Et c’est ici que Pauline intervient. Par le biais des ateliers mémoires initiés il y a quelques années par François Pery qui rassemblent une quinzaine de personnes âgées de 67 à 90 ans, elle crée des espaces de discussion et enregistre ces conversations d’où émergent souvenirs et anecdotes, qui en disent autant sur les habitants que sur le territoire. « J’essaie de valoriser leurs savoirs et leurs expériences de vie », explique Pauline. À chaque séance son thème, parfois initié par les membres, qui par exemple ont souhaité parler d’amour et de rencontres, parfois initié par la référente, comme celui dédié à l’exode de 1940. « Certaines personnes me racontent des choses qu’ils n’avaient parfois jamais dit à leurs familles. Ils sont ravis de pouvoir parler, les rencontres sont souvent émouvantes », poursuit Pauline.
« J’essaie de valoriser leurs savoirs et leurs expériences de vie »
Pauline Pronau est référente senior du centre socioculturel de Saint-Michel
Ces bribes de vie sont ensuite retranscrites par la jeune femme dans La gazette de nos aînés, un petit « bulletin d’information et de lien intergénérationnel ». Une manière de garder une trace, mais aussi de faire circuler ces souvenirs, puisque ce média local est tiré à 250 exemplaires. Et de dessiner avec plus de précision les contours de la vie en Thiérache au fil des décennies. « On se rend compte que les récits autour de la guerre sont très nombreux, alors qu’à l’inverse, d’autres évènements comme mai 68, n’ont pas eu ici beaucoup d’écho », indique Pauline. Les quotidiens ne sont pas non plus les mêmes si l’on vit dans le sud de la Thiérache, plus rural, avec ses herbages, ses corps de fermes et petites laiteries, ou plus au nord, où les industries, notamment les filatures, étaient plus nombreuses.
Pour le moment, Pauline, en plus des ateliers mémoires, sillonne davantage le versant sud, épaulée à son arrivée en avril 2019 par André Blin, un nonagénaire incollable qui l’a guidé sur ce territoire rural, très catholique et assez conservateur. Lors de ses déplacements ont lui confie la difficulté que l’on pouvait avoir à se faire accepter par la belle famille ouvrière lorsque l’on était fille ou fils d’agriculteurs, les voyages trop rares, puisque certains confient n’être jamais partis plus loin qu’à une dizaine de kilomètres de chez eux.
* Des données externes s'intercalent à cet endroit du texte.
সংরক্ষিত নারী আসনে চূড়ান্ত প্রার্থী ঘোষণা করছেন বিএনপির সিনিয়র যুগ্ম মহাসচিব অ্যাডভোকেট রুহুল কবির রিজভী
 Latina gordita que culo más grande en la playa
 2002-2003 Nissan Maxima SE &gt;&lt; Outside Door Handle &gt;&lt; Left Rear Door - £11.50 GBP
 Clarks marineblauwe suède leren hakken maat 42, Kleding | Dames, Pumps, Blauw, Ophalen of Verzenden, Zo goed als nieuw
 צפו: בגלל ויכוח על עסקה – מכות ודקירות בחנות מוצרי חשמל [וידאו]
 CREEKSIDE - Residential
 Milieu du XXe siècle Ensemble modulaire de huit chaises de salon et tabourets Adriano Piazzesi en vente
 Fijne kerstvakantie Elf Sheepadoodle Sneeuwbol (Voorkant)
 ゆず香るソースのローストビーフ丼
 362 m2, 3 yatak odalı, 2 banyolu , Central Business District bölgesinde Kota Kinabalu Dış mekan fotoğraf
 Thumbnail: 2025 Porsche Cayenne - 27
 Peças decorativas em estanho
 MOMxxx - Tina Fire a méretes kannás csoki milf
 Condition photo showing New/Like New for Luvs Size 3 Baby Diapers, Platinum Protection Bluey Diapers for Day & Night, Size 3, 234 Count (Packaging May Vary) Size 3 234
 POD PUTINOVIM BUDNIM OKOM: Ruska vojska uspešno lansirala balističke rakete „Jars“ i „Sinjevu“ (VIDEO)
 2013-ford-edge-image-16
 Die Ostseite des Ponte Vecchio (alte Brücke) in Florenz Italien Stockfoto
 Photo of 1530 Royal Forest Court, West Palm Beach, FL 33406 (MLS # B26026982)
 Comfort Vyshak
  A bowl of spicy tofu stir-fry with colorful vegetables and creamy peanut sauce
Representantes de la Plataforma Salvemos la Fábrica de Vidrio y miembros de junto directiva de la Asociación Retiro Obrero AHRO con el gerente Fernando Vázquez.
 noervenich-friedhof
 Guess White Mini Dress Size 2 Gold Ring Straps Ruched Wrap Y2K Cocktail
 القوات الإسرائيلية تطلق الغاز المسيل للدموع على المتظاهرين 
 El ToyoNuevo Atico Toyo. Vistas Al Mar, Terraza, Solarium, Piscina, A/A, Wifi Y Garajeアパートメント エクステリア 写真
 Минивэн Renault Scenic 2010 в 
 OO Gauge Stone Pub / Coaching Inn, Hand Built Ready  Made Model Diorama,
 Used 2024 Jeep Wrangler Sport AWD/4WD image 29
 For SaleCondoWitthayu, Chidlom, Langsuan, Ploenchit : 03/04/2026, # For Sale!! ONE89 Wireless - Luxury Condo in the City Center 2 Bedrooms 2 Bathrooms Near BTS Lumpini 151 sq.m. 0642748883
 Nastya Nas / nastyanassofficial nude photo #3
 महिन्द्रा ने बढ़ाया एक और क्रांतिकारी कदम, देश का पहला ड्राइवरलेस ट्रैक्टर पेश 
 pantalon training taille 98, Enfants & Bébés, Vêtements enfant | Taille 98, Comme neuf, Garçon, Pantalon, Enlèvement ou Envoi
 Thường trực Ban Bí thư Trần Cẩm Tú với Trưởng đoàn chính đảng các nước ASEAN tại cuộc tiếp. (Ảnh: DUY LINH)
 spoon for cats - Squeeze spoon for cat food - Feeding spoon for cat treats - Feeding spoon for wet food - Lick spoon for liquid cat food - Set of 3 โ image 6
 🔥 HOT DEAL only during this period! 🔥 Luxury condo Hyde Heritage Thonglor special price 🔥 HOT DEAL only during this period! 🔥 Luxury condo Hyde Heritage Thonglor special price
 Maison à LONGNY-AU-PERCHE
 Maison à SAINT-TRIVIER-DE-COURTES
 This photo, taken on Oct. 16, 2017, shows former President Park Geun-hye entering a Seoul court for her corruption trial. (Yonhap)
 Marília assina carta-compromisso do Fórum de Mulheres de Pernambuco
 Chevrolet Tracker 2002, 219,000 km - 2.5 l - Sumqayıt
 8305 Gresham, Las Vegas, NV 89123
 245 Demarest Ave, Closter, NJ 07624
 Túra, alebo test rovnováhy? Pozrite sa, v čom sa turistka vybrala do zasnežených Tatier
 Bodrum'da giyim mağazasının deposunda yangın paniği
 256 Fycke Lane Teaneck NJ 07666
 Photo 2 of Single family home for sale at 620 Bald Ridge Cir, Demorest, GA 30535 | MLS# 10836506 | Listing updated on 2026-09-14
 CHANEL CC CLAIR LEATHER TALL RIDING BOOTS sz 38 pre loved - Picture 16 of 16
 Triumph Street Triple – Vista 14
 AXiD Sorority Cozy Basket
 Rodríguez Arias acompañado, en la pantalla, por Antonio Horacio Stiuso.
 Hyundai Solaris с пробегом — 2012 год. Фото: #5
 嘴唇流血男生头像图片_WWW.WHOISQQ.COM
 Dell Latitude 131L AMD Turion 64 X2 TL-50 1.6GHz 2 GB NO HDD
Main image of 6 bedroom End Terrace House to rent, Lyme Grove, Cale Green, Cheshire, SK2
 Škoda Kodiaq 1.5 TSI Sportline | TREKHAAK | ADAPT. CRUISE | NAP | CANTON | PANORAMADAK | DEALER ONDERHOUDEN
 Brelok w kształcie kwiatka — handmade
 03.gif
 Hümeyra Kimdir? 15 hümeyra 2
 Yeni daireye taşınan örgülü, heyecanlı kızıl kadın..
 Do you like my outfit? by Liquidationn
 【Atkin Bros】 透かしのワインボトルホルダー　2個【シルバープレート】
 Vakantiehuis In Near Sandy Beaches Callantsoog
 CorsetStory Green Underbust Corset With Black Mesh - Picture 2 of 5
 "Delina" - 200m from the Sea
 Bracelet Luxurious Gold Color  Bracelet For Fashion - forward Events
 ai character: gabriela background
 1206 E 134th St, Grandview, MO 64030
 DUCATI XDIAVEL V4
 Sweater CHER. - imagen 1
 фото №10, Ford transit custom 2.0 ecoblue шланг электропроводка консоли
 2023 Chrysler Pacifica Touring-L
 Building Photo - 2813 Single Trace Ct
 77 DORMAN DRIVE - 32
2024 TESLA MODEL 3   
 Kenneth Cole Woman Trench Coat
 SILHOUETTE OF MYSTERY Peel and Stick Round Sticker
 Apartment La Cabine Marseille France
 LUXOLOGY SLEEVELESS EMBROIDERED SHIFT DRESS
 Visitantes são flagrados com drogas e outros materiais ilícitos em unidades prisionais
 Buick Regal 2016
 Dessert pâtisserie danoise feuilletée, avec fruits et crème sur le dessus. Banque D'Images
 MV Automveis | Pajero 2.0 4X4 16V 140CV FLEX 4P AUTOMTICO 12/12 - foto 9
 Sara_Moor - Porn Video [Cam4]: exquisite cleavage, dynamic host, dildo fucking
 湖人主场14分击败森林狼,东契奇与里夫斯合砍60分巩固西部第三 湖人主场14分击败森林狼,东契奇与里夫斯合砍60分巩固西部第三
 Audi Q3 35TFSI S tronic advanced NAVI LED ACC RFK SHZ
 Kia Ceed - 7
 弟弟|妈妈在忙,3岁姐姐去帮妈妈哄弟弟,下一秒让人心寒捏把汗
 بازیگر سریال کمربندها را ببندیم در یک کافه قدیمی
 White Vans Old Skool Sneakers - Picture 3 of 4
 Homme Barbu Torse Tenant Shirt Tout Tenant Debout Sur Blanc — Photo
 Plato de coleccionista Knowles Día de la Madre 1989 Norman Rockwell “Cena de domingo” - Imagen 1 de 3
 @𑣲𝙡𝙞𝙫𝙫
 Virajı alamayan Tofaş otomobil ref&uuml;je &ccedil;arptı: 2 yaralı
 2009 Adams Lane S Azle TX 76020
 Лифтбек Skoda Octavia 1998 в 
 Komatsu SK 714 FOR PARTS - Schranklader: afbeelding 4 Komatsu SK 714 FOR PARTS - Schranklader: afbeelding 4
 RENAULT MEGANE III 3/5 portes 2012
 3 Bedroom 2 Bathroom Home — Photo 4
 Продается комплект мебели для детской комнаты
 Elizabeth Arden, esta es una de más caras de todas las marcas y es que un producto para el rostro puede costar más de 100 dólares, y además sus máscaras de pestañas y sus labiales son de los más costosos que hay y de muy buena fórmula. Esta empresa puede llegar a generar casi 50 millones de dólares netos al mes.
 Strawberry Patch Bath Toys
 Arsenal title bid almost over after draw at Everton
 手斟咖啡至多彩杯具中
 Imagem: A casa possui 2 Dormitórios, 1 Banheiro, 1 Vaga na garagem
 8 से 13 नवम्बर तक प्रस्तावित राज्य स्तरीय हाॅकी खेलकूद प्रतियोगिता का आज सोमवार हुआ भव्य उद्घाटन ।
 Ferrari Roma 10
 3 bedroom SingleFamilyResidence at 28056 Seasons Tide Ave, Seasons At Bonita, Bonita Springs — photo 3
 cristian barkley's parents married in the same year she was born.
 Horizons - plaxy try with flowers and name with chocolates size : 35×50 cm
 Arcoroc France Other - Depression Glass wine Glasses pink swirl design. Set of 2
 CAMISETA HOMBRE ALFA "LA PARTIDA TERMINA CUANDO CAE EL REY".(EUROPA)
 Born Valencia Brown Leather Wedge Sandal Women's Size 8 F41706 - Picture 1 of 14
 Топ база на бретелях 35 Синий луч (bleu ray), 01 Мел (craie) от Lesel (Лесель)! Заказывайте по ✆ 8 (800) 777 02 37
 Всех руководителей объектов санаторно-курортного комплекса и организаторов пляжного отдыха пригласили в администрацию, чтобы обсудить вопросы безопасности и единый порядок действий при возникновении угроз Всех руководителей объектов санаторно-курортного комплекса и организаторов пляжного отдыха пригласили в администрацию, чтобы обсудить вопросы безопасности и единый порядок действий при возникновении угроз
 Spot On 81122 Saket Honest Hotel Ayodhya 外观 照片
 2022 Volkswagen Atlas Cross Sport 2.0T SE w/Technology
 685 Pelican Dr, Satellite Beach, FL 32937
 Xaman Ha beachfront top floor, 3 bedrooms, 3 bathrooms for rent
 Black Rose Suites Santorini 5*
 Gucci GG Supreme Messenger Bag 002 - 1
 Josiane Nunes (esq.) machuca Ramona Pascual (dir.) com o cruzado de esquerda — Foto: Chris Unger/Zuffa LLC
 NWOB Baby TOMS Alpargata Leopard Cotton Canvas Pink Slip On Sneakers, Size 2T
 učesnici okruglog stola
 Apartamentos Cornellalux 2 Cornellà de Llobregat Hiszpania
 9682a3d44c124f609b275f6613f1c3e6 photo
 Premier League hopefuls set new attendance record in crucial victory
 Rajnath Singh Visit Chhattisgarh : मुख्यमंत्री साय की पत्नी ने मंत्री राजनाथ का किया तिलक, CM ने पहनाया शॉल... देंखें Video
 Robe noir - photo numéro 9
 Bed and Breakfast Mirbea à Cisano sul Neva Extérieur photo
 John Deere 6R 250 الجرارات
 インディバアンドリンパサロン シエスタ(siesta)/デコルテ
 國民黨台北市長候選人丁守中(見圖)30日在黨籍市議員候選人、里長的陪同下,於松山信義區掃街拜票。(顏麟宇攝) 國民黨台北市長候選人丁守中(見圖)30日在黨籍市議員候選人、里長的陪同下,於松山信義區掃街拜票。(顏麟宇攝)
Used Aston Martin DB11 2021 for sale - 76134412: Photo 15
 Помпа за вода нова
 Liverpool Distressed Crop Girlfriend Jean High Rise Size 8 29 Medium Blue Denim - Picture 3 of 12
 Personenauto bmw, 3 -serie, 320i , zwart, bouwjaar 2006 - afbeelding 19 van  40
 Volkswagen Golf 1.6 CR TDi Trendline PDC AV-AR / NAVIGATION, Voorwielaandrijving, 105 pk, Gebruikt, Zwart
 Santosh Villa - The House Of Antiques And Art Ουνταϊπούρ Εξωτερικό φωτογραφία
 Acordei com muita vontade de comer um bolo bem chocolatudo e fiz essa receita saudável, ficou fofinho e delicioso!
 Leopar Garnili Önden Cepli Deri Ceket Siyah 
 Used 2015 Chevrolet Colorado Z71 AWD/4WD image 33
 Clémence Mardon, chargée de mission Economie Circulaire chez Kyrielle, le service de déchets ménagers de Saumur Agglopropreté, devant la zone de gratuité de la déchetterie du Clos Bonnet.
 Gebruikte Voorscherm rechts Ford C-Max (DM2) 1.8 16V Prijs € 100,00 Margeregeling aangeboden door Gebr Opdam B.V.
Et puis il y a aussi cette identité paysagère qui se dilue notamment avec le remembrement qui fait disparaître les bocages, pour faire place à des cultures plus étendues et intensives. Le maïs et les pommes de terre remplacent les herbages. Certains regrettent aussi une dilution des coutumes, notamment depuis l’arrivée de la télévision. « Certaines personnes âgées témoignent qu’auparavant les liens et les légendes se perpétuaient par l’intermédiaire des discussions entre voisins, devant les portes. Tout le monde se connaissait, se rassemblait lors des fêtes populaires. Désormais, chacun reste chez soi », rapporte Pauline. Alors elle consigne aussi légendes, dictons, et mots de patois picard.
Son prochain projet ? Récolter des témoignages sur la guerre d’Algérie afin de monter un spectacle avec sa sœur, artiste, qui travaille également sur le territoire. Encore une autre manière de garder vivante l’histoire de la Thiérache et ses habitants.